Integrating Gender in Research Planning
Learn practical ways to integrate gender in financial inclusion research using Oxfam's new guidelines on Integrating Gender in Research Planning. These were recently shared with FinEquity members during a webinar in collaboration with Oxfam.
Research can open doors for more gender equitable futures. Gender analysis is built on an understanding of the differences and inequalities in the interrelated lives of women, men, and members of other gender diverse groups, often shaped by unequal power relations and norms that dictate what roles, attitudes and behaviors are considered normal or appropriate. Key themes discussed during the webinar were:
- How to ensure that research integrates clear gender analysis.
- How to review research design from a gender perspective.
- How to use a checklist of things to consider and a grading scale to evaluate where research falls on a gender research rubric, with steps to improve it.

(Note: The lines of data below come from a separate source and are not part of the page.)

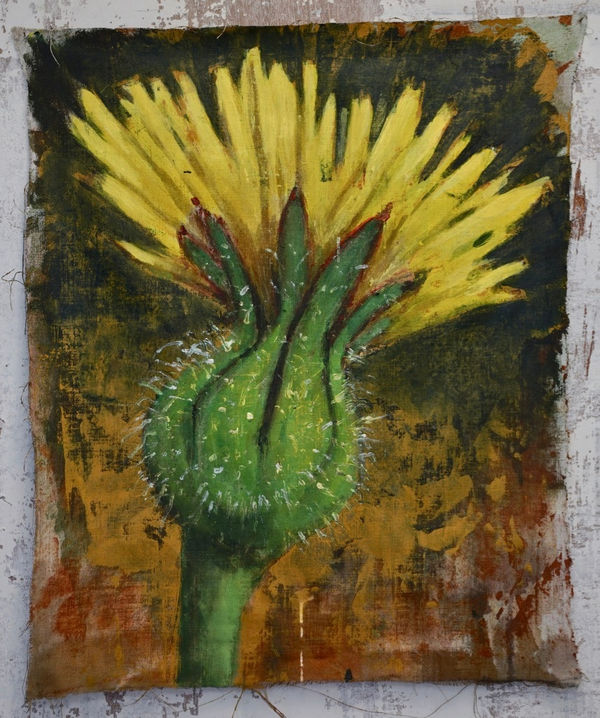 Omar Fakhoury, Goat Beard, 2024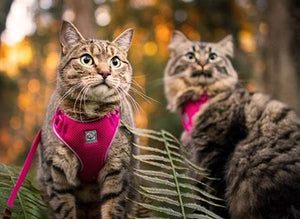 Harnais pour chat Rose - ADVENTURE KITTY HARNESS - RC Pets - Boutique Le Jardin Des Animaux -CollierBoutique Le Jardin Des Animaux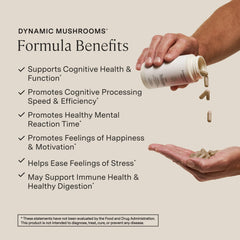 Stonehenge Dynamic Health Mushrooms label detail, emphasizing ingredients and potency for informed choices.
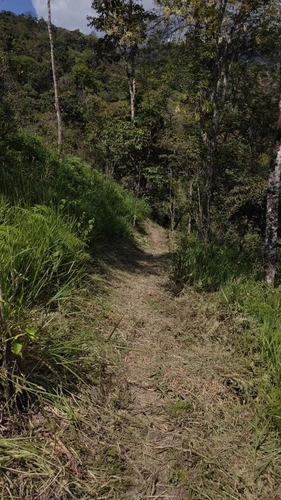 Imagen 3 de 9 de Venta Finca 2 Horas De Bogota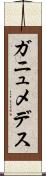 ガニュメデス Scroll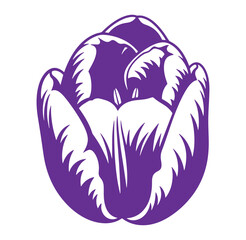 Elegant purple tulip flower bud in vector illustration for floral and spring designs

- Additional resources to help designing and commissioning research.
About this event
Anam Parvez
Anam is a Gender Justice research lead in the research team at Oxfam GB where she provides intellectual leadership in research and data analysis on gender inequality and women’s empowerment to inform global campaigns and programs. She also advises on the different data, methods and tools for effectively mainstreaming gender in all of Oxfam's research to deliver research that is gender transformative. In particular, her research focuses on women's economic empowerment and unpaid care, social norms, ending Violence Against Women and women's transformative leadership.
Namalie Jayasinghe
Dr. Namalie Jayasinghe is currently the Gender and Women’s Rights Researcher for Oxfam America, where she contributes to a learning agenda on issues of women’s rights and gender transformative leadership. Namalie recently completed a postdoctoral fellowship at the Gender and Women’s Studies Research Center at Kadir Has University in Istanbul, where she conducted an analysis on the discourses of violence against women in Sri Lanka and Turkey. She completed her doctoral degree at the School of International Service at American University, studying the gendered impact of natural disasters in Sri Lanka.